Stored items from a collection:
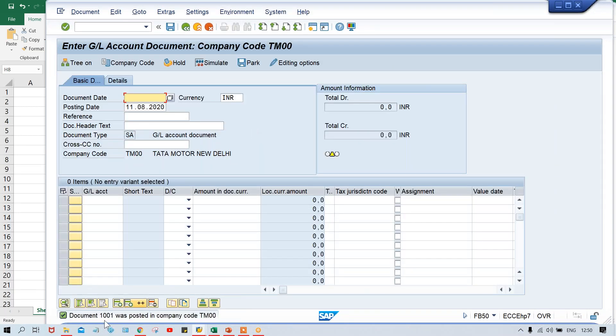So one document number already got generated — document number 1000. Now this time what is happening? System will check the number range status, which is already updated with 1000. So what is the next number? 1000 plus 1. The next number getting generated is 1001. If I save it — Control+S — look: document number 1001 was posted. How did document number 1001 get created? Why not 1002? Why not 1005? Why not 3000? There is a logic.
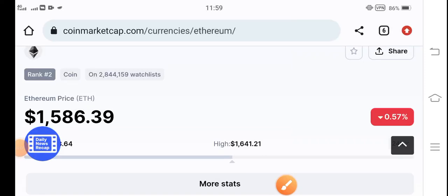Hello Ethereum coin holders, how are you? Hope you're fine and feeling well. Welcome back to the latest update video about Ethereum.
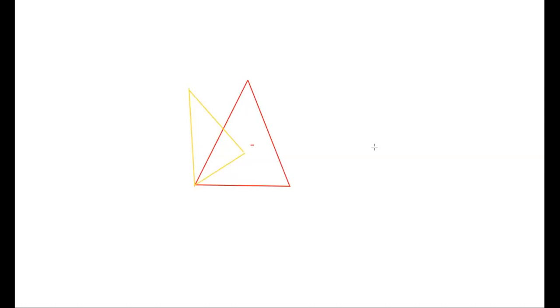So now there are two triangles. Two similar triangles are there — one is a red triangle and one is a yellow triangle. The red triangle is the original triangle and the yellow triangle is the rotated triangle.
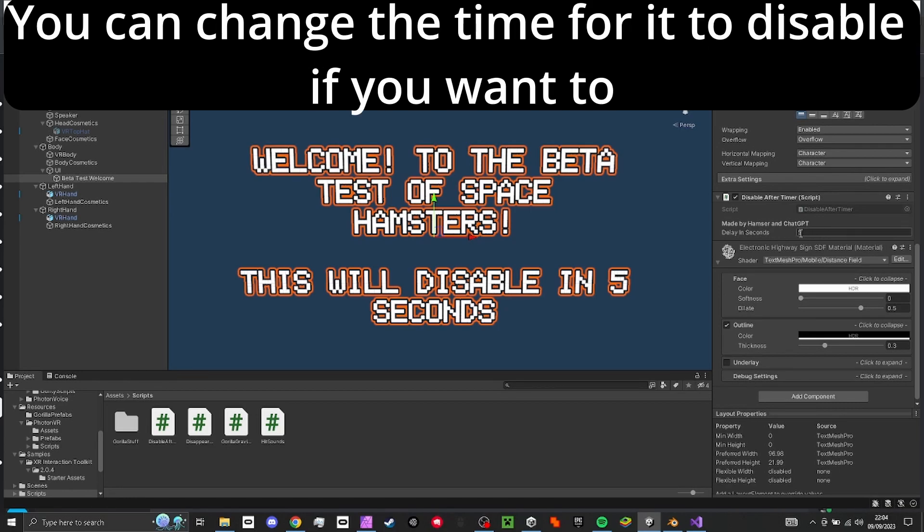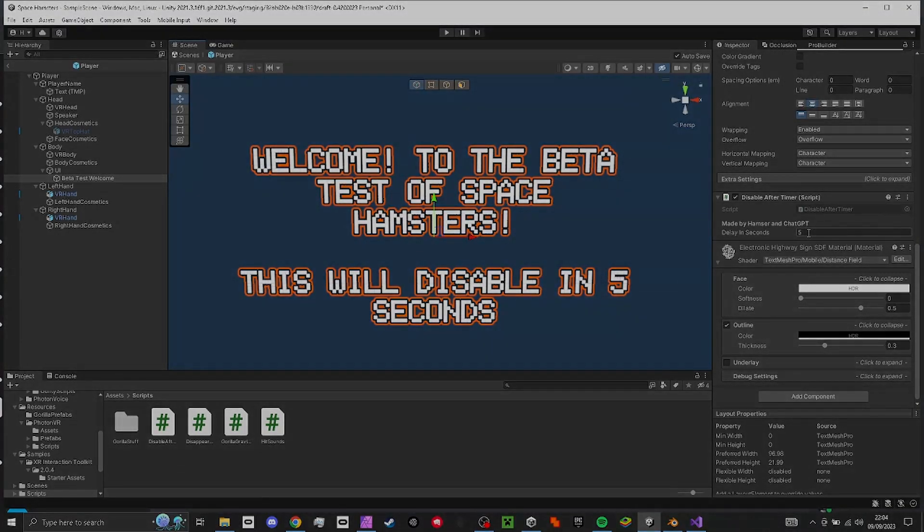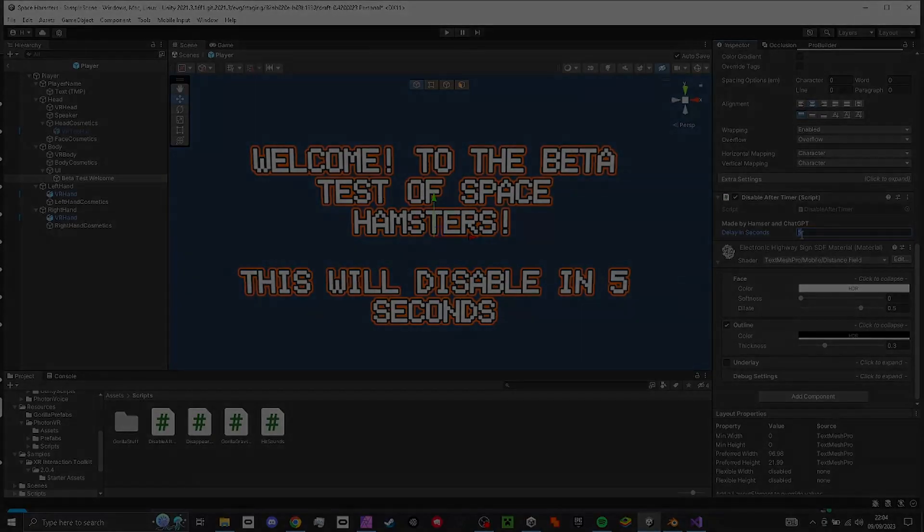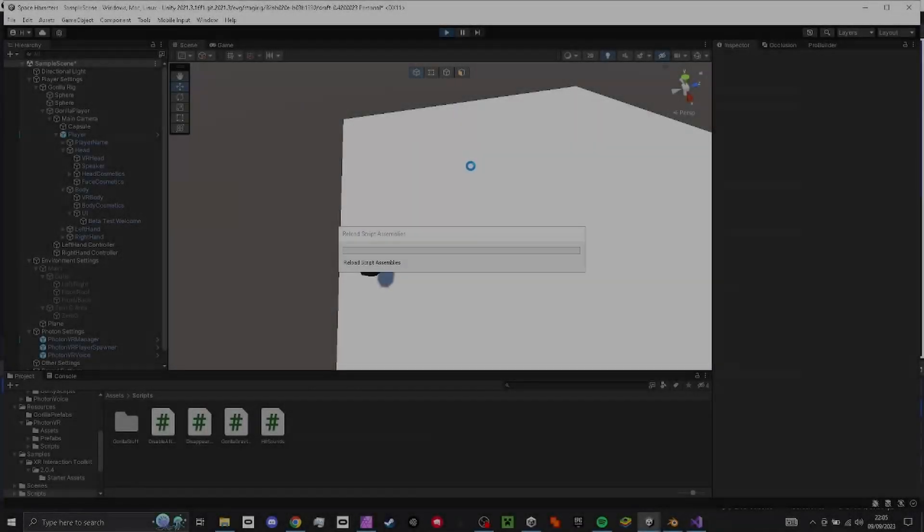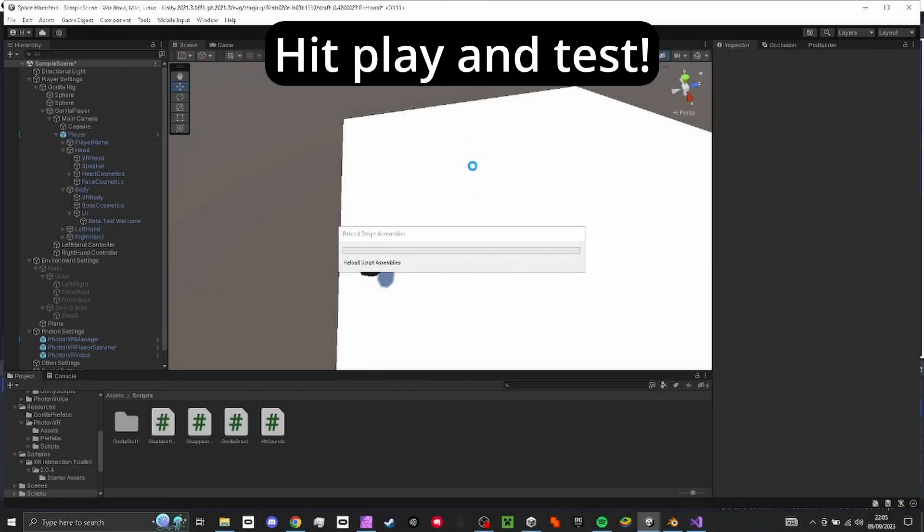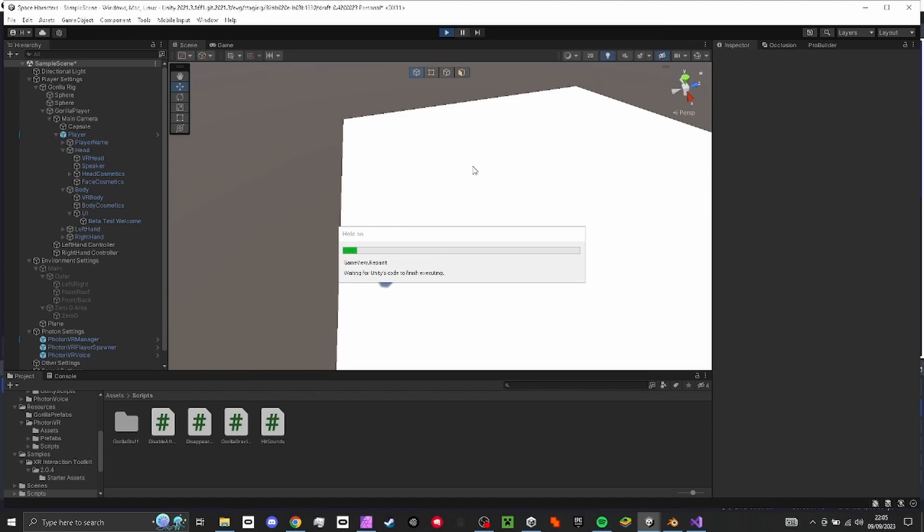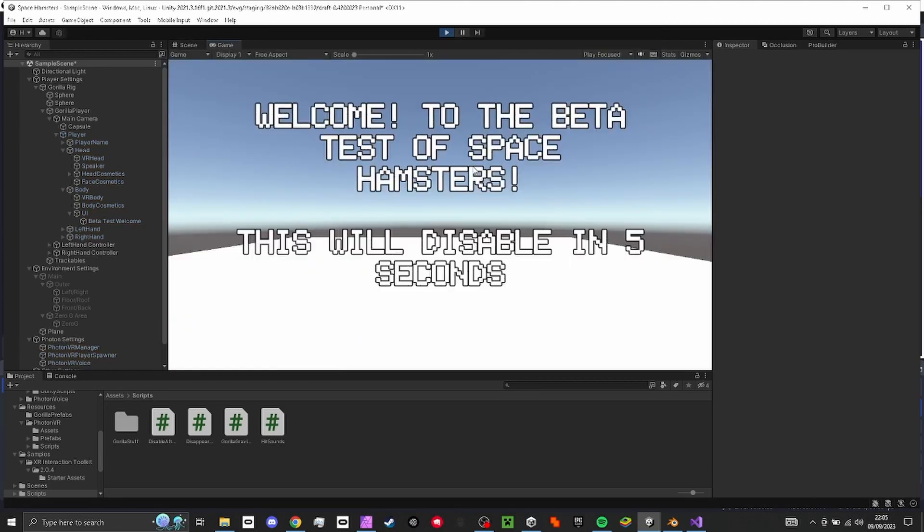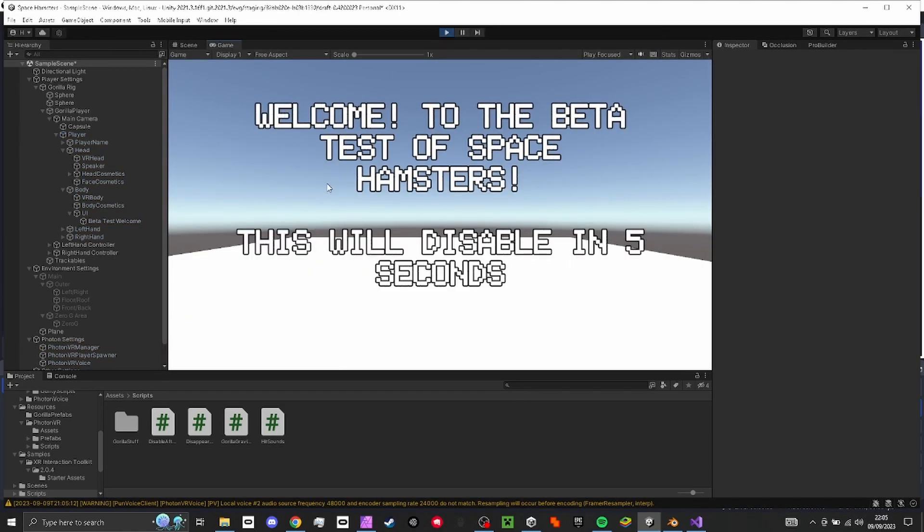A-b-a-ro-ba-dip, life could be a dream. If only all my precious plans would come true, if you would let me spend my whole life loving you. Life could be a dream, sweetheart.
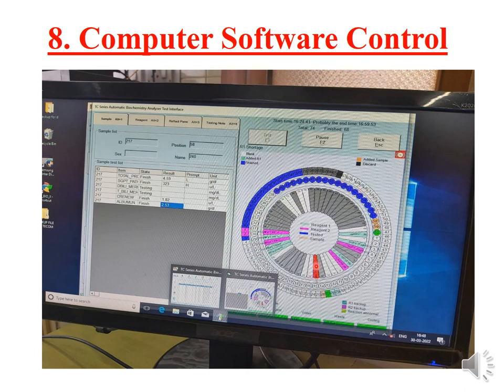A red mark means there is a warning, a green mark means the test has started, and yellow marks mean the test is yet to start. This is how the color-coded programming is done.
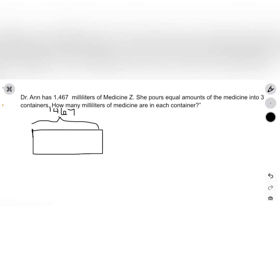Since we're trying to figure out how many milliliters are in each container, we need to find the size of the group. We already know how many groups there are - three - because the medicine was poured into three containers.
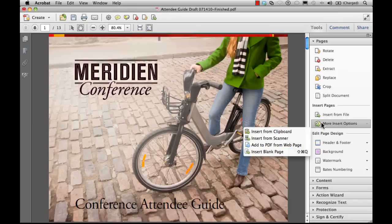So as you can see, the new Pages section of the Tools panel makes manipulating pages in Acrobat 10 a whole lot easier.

EXERCISE OBJECTIVE:
From the line containing "Since we're trying" down to the last line of the records above, repeat every line exactly and nothing else, dropping any pictures.

RESULT:
Since we're trying to figure out how many milliliters are in each container, we need to find the size of the group. We already know how many groups there are - three - because the medicine was poured into three containers.
So as you can see, the new Pages section of the Tools panel makes manipulating pages in Acrobat 10 a whole lot easier.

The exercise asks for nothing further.